GameJammers test Joe Wasserman's econ-based barbershop game

Beginning August 1st, the small classroom in the Psychology building was transformed into a studio for aspiring Reed student and alumni game developers. The conversion of the tiny classroom into a software and tabletop game studio is without a doubt more mental than physical— the room remains largely empty, added décor consisting only of a mini-fridge topped with a bag of pretzels, a couple of pizza boxes, an empty coffee cup, and a “to do” list scrawled on the white board.

            “Maybe I should have tried to decorate. Put up some posters or something.” Mark Chen '95, who instigated this summer’s GameJam (which is sponsored by The Center for Life Beyond Reed and alumni & parent relations at Reed with help from colleagues in computer user services and facilities), remarked sheepishly at one point.

            But the lack of anything in the studio other than some snacks to refuel simply demonstrates the nature and focus of the GameJam. Fancy equipment or a specialized, personalized location is unnecessary. All that is needed for a successful GameJam is contained within the participants themselves.

            Mark explains to me that a typical GameJam lasts only forty-eight hours. “It’s much more intense. Seriously. Like…people don’t sleep.” He laughs. “So I guess this is no longer a ‘Jam’, it’s just more of a hang out and make games.” The GameJam that Mark has put together is running for three weeks.

            Everyone has slightly different motivations for their engagement in the GameJam. Joseph Joe, a current Reed sophomore, is developing a digital platformer game. When I ask him about his goals, he shrugs and says, “I’m just trying to see what I know, what I need to learn. I probably won’t finish… but it’s a good exercise.” Joe Wasserman, class of ’09, is working on a complex economics board game about barbershops, in which players compete for customer priorities. (Why barbershops? “I think I’d recently gotten a haircut,” explains Joe). Joe would like to one day see his game published.
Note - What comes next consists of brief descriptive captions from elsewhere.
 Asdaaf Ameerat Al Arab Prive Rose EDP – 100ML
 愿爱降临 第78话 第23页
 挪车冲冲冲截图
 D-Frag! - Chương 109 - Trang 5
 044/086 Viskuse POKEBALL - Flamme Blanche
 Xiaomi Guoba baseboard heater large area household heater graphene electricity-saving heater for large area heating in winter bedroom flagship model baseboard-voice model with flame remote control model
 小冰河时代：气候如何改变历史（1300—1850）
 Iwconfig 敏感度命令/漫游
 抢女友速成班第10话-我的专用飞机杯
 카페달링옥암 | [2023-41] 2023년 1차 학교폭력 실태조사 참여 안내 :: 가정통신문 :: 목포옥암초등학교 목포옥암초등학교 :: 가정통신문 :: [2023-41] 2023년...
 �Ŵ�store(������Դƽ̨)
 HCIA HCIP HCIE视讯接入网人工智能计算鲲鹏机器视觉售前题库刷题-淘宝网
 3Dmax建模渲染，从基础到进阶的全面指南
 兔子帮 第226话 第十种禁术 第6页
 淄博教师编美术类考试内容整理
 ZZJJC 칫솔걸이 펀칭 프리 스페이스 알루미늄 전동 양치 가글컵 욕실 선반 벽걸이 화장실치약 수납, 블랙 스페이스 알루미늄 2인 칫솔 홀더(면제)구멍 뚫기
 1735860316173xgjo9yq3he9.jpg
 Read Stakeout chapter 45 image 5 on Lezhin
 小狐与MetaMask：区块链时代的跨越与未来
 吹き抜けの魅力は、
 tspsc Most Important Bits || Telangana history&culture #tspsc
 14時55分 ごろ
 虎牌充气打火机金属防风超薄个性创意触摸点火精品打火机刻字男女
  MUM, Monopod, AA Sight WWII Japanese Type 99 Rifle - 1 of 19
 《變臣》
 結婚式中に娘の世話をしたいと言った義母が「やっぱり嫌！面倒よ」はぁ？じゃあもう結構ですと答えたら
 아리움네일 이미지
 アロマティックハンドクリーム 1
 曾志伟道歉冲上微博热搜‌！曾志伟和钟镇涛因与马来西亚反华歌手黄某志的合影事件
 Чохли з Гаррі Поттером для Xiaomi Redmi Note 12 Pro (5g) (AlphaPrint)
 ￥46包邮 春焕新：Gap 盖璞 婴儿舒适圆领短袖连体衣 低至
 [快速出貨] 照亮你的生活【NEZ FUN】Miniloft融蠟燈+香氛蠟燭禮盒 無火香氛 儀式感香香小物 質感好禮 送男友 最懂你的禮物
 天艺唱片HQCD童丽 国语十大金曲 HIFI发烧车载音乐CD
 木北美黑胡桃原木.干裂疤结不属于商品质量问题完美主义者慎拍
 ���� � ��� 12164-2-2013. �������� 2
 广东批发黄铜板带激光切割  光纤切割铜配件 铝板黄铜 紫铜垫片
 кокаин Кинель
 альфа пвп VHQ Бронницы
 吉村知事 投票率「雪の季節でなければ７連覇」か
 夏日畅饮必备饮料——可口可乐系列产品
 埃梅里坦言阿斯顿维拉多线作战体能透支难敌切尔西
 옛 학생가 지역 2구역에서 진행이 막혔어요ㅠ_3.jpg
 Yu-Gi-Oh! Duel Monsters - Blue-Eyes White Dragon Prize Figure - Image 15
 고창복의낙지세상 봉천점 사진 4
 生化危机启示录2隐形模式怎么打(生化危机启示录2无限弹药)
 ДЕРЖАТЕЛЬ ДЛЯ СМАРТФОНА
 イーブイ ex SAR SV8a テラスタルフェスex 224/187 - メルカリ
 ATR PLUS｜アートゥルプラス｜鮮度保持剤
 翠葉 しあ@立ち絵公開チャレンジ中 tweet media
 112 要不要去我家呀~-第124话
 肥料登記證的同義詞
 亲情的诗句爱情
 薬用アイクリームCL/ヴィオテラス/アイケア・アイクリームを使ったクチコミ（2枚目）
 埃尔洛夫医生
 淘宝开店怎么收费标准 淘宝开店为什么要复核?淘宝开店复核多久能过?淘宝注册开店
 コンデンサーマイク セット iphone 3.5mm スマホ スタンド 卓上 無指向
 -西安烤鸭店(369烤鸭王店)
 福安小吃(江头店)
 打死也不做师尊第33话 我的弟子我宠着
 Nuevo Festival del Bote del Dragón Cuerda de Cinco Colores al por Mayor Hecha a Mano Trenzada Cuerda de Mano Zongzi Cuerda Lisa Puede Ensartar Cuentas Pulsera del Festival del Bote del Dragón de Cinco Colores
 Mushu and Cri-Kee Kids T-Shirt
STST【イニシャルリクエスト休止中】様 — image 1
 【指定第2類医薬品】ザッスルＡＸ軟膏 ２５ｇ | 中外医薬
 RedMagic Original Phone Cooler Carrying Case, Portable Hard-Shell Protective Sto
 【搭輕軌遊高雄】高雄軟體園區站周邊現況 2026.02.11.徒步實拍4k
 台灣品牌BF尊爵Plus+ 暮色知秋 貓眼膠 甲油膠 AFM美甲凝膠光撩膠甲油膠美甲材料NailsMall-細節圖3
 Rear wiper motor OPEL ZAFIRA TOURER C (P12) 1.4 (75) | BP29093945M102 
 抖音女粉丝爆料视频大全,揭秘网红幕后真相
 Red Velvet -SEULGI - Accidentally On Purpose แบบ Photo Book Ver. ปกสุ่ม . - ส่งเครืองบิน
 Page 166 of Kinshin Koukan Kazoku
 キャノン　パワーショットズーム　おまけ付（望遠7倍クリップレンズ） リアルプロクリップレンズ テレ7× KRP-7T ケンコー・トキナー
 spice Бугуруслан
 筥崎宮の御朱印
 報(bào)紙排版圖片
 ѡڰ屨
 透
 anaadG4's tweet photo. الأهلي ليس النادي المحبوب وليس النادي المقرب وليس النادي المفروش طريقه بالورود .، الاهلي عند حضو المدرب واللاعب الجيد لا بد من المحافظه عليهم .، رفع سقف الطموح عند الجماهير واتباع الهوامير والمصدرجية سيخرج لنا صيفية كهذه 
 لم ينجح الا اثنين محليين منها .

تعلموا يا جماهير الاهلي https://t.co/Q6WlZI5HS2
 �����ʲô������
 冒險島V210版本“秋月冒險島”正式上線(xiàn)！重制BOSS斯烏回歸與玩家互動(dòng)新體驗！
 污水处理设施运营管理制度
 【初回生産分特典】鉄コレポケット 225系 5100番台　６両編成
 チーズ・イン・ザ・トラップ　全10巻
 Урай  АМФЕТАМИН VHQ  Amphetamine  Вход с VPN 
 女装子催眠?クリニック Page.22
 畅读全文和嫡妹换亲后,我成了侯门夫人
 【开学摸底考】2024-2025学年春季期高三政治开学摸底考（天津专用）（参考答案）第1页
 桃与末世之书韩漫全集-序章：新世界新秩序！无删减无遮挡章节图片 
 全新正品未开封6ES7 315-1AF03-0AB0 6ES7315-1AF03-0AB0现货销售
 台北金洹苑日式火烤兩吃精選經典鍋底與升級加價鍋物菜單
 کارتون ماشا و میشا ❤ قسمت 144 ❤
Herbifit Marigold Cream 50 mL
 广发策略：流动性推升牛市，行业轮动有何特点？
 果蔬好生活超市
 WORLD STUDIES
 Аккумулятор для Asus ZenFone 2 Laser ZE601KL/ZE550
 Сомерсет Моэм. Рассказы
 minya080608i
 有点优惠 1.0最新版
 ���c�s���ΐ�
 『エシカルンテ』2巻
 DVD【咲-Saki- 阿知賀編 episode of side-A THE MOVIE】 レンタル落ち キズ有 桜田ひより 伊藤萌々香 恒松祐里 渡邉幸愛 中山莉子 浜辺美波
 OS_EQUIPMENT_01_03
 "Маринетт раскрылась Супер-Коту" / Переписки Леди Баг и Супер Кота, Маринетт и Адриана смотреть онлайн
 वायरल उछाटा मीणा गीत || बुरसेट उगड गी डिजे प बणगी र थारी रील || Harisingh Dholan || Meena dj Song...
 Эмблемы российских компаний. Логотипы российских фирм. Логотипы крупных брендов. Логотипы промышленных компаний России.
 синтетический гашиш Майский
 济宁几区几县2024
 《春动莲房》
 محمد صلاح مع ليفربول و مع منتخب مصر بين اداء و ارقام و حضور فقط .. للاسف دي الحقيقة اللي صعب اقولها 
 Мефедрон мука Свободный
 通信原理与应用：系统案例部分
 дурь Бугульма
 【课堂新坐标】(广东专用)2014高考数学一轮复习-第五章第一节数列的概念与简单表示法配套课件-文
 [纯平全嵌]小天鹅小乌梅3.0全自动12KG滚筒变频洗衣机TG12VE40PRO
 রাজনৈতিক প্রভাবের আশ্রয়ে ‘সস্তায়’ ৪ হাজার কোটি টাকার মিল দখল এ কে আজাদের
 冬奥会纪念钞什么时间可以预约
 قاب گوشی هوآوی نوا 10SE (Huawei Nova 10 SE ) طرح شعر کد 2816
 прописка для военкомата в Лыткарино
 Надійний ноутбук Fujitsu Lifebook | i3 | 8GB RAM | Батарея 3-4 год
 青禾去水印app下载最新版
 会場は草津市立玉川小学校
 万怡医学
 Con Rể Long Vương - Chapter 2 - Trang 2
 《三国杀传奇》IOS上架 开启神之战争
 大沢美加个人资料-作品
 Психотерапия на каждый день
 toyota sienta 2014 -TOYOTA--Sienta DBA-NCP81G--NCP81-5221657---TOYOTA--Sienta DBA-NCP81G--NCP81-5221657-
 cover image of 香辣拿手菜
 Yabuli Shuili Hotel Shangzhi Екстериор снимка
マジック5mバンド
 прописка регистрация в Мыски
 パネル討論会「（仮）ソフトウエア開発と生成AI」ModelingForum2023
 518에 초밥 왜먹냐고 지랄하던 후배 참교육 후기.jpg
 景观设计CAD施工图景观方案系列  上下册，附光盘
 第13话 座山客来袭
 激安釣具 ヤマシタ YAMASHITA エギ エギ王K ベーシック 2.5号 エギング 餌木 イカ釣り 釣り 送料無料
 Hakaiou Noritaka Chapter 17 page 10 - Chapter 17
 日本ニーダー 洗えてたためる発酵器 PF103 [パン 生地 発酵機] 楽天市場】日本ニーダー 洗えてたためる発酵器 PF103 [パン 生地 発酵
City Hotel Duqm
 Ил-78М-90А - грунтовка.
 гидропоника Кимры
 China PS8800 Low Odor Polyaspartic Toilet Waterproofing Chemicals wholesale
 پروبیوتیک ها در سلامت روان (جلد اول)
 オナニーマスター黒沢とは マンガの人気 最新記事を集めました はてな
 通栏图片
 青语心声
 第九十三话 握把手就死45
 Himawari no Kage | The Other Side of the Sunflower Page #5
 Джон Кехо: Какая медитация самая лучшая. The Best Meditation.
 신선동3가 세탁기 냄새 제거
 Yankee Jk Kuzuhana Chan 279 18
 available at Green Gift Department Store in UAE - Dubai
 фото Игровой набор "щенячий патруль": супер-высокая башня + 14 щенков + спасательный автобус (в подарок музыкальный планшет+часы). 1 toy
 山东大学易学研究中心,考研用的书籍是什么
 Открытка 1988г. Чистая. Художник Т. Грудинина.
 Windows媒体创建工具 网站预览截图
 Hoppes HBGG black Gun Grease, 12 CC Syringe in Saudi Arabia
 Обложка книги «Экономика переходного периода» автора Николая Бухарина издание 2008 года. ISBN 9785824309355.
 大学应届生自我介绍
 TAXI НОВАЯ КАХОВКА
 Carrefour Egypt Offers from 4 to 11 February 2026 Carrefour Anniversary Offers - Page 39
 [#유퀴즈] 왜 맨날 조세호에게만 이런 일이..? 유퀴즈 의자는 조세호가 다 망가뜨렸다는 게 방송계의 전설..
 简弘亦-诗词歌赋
Mark is hoping to take his space-themed cooperative card game beyond the white walls of the Psych building as well, by having it finished in time to present it as a potential Kickstarter project.

            Despite nuances in ambitions and expectations for the end result of the GameJam, all the participants have gathered because they share a common interest: they want to make games. And everyone in the room agrees that the forum is hugely beneficial, if at the very least to help give flashes of inspiration or semisolid daydreams a more concrete, workable form.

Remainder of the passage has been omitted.